Kritikpunkte des Digitalverbands Bitkom
Vor Kritik ist der Entwurf dennoch nicht gefeit: So kritisiert der Bitkom etwa die Verpflichtung, dass Fahrzeuge sich im Falle eines Abbruchs der Funkverbindung in einen risikominimalen Zustand versetzen müssen. Dies würde den Verkehrsfluss stören und zusätzliche Risiken schaffen, so der Verband. Autonome Fahrfunktionen seien per Definition in der Lage, das Fahrzeug auch ohne Funkverbindung sicher im Straßenverkehr zu bewegen. „Eine Funkverbindung ist keine technische Voraussetzung, damit Fahrzeuge in einem autonomen Fahrmodus fahren können und sollte somit auch keine gesetzliche Voraussetzung sein“, moniert Berg.

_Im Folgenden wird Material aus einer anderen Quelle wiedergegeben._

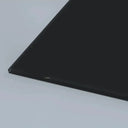 Jet Black Matt Finish Sample - CreoGlass®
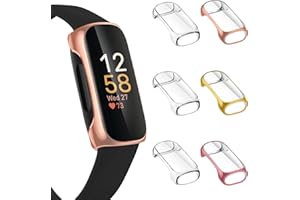 Kimiyaki 6 Pack for Fitbit Inspire 3 Screen Protector Case, Ultra-Thin Soft TPU Bumper Full Coverage Protective Accessories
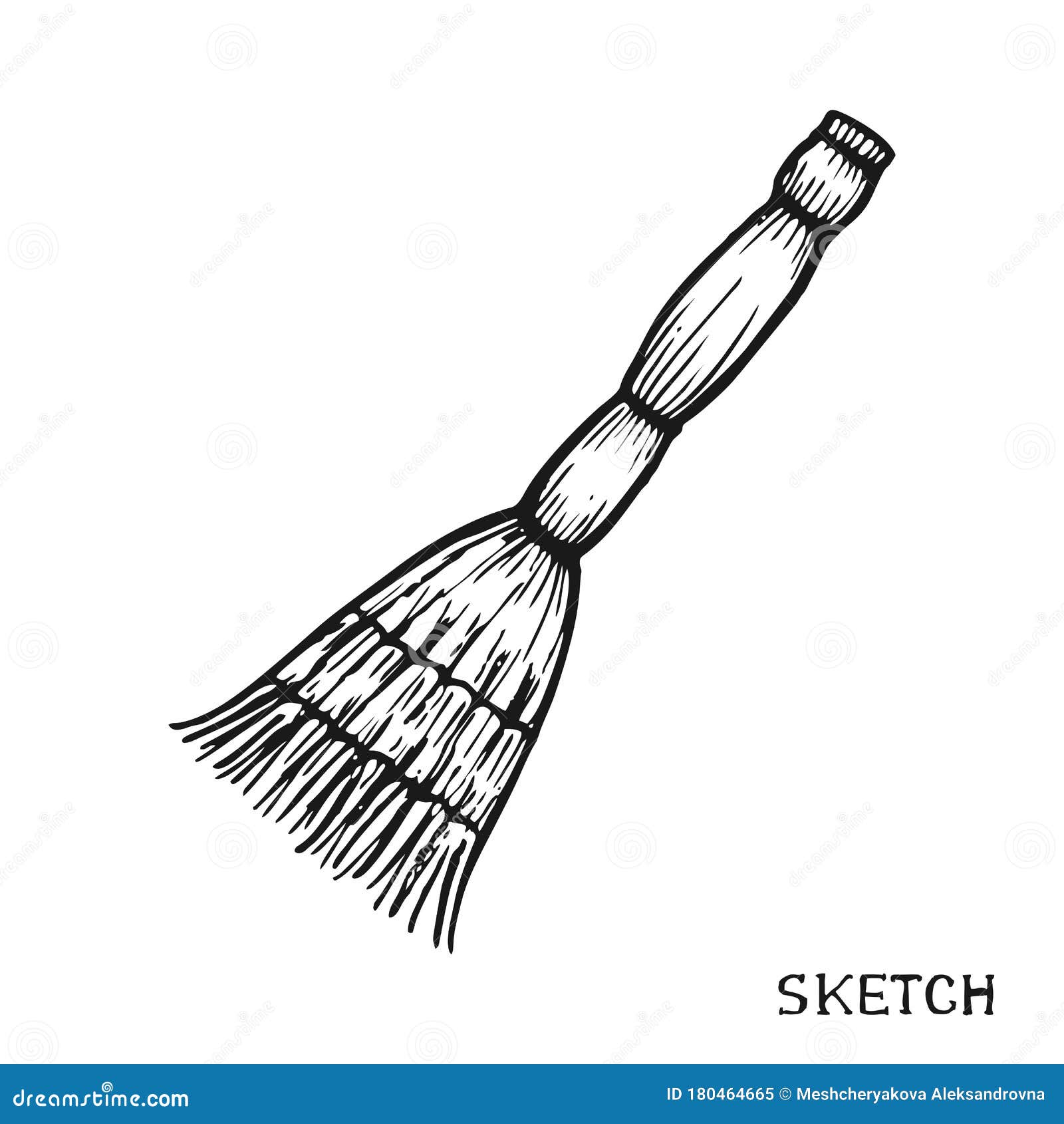 Cartoon broom and cleaning Royalty Free Vector Image
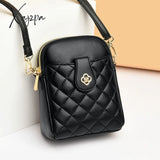 Xajzpa - 2023 New Summer Small One-Shoulder Messenger Bag Pu Women’s Round Mobile Phone Coin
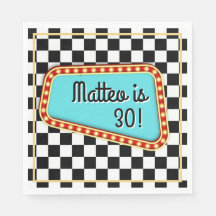 50's 1950's Sock Hop Rock &Rock Checkerboard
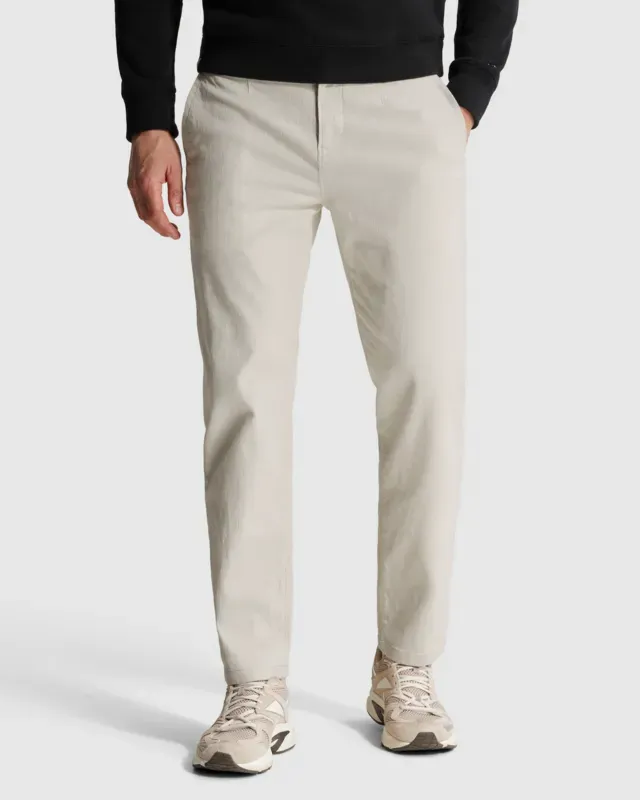 Cast Iron Relaxed fit chino in cotton/linen CTR2604620-7014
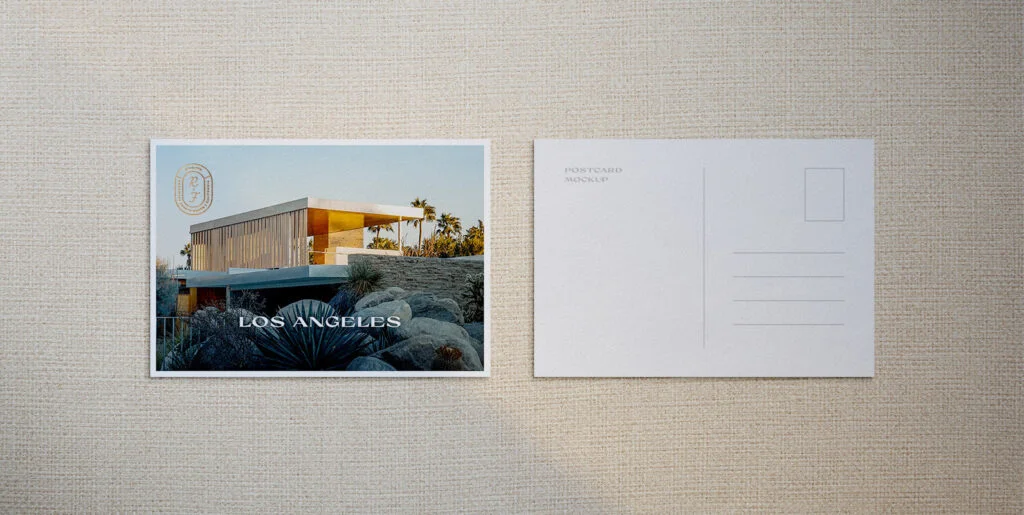 Correo Postcard Mockups Graphics - Image 1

Zudem sieht der Digitalverband noch Klärungsbedarf bei Fragen rund um den Datenschutz. Aktuell sei noch offen, inwieweit einzelne Vorgaben zur Verarbeitung bestimmter Daten in Einklang mit der Datenschutzgrundverordnung (DSGVO) stehen. „Offene Fragen des Datenschutzes müssen während des Gesetzgebungsverfahrens geklärt werden, damit ein entsprechendes Risiko nicht zulasten von Haltern oder Herstellern geht“, erläutert der Bitkom-Präsident. Durch Einschränkungen bei der Weitergabe der generierten Daten sieht er die Entscheidungsfreiheit von OEMs, Zulieferern und Dienstleistern sowie die Zulassung der Fahrzeuge gefährdet.

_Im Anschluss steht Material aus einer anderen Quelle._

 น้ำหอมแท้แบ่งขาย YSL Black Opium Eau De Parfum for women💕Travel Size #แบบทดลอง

VDA befürchtet Verschleppung des Gesetzes
Der Verband der Automobilindustrie (VDA) geht in seiner Kritik noch weiter: Die Chance einer Vorreiterrolle werde vertan, wenn das Gesetz zum autonomen Fahren verschleppt und nicht mehr in dieser Legislaturperiode verabschiedet würde, betonte VDA-Präsidentin Hildegard Müller. Ihr geht die Regelung zu Mobilitätsdaten ebenfalls zu weit. Außerdem stehe die Gesamtprüfung autonomer Fahrzeuge, die alle 90 Tage vorgesehen ist, sowie die halbjährliche Hauptuntersuchung in keinem sinnvollen Verhältnis zu den Regelungen bei „traditionellen“ Autos. Es seien laut VDA keine technischen Gründe ersichtlich, die diese zeitlichen Verkürzungen erforderlich machen.

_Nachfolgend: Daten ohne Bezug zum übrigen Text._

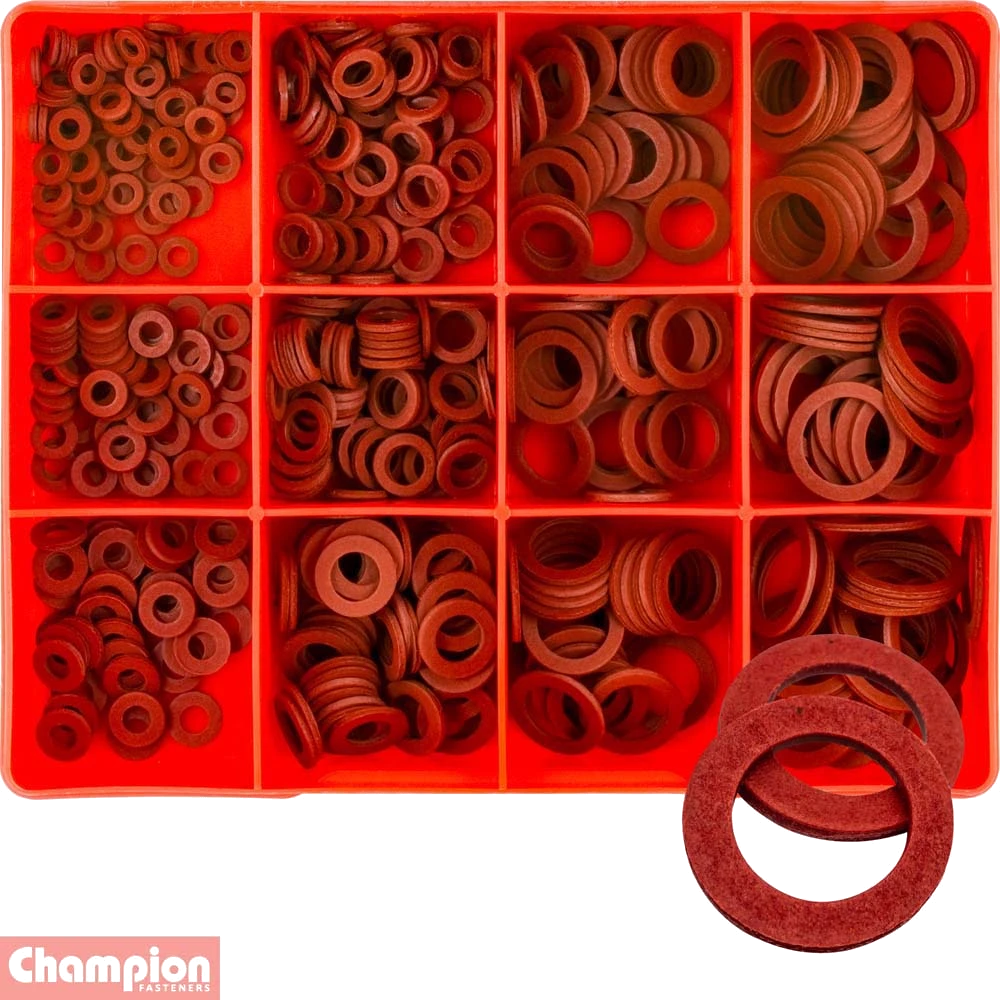 Champion 405pc 1/16in Red Fibre Washer Assortment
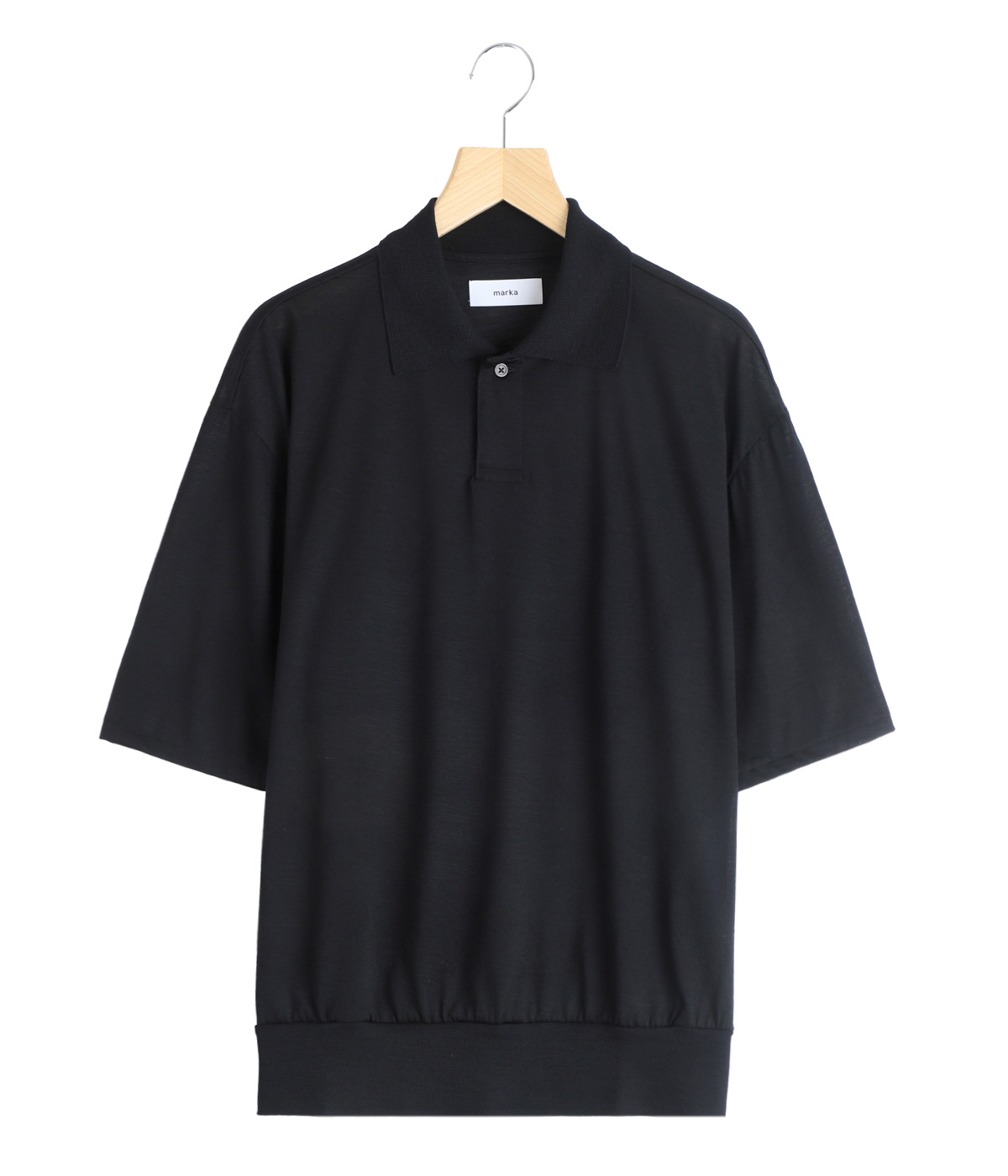 【新品未使用品】marka 26SS ワンボタンポロTシャツ サイズ2 黒 marka（マーカ） ： ONE BUTTON POLO TEE S/S -SUPER 120s WASHABLE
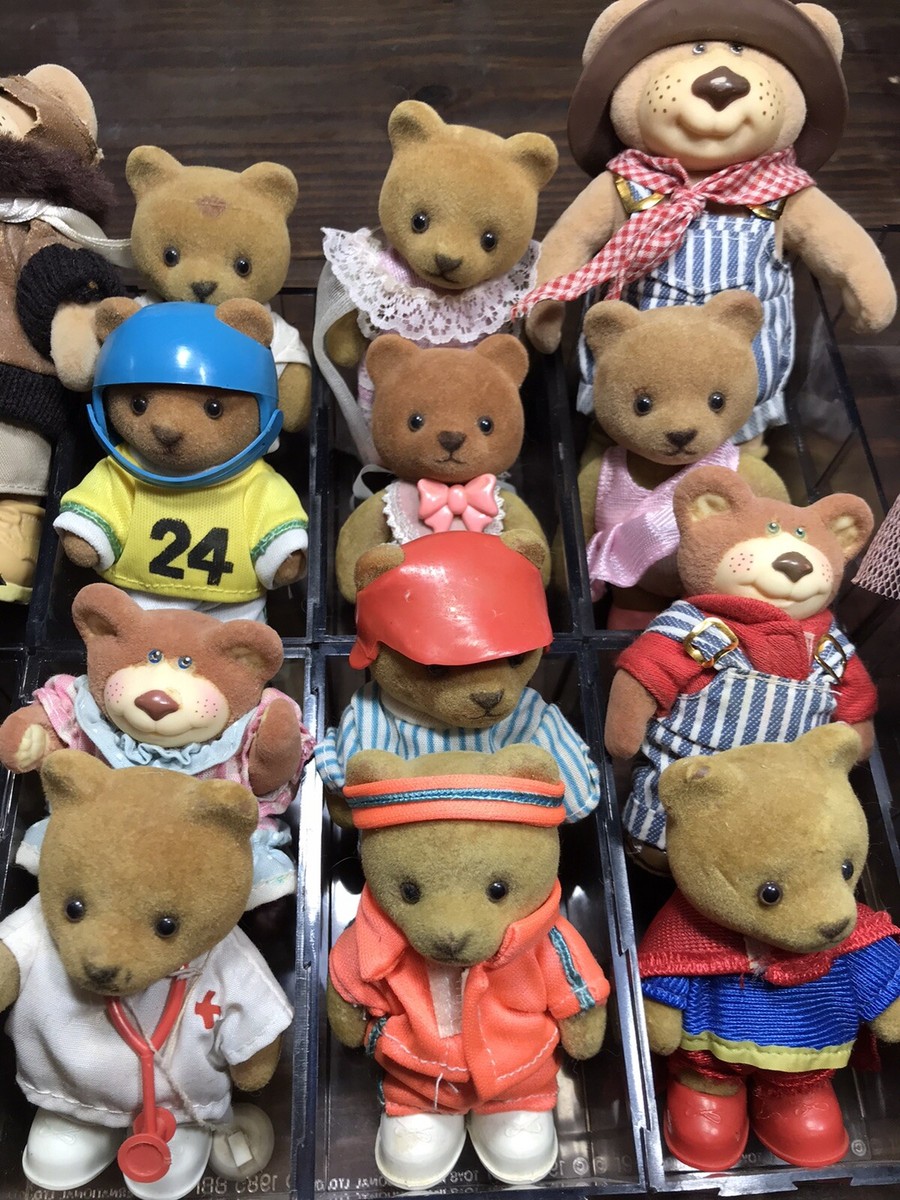 【美品／当時物】80's　Furskin Bears　ファースキンズベア　80s Furskin Bear Plush Vintage 1984 Xavier Roberts Flowered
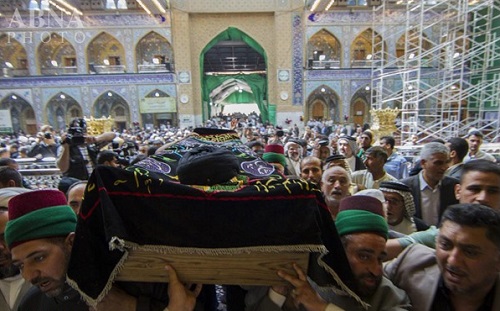 تشییع پیکر علامه بحرالعلوم در کربلا + تصاویر تشییع پیکر علامه بحرالعلوم در کربلا + تصاویر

Da die Ressortabstimmung und die Rechtsprüfung noch nicht abgeschlossen sind, appelliert der VDA deshalb für Anpassungen am Entwurf. „Wenn das Gesetz nicht vor der Bundestagswahl verabschiedet wird, verlieren wir mindestens eineinhalb Jahre und damit unseren technischen Vorsprung", so Müller. Während sich bezüglich Wartung und Datenschutz eine Diskussion entfacht, bleiben bei Haftung und fundamentalen ethischen Überlegungen jedoch zahlreiche Fragen offen. Fragen, die möglicherweise erst Gerichte beantworten werden.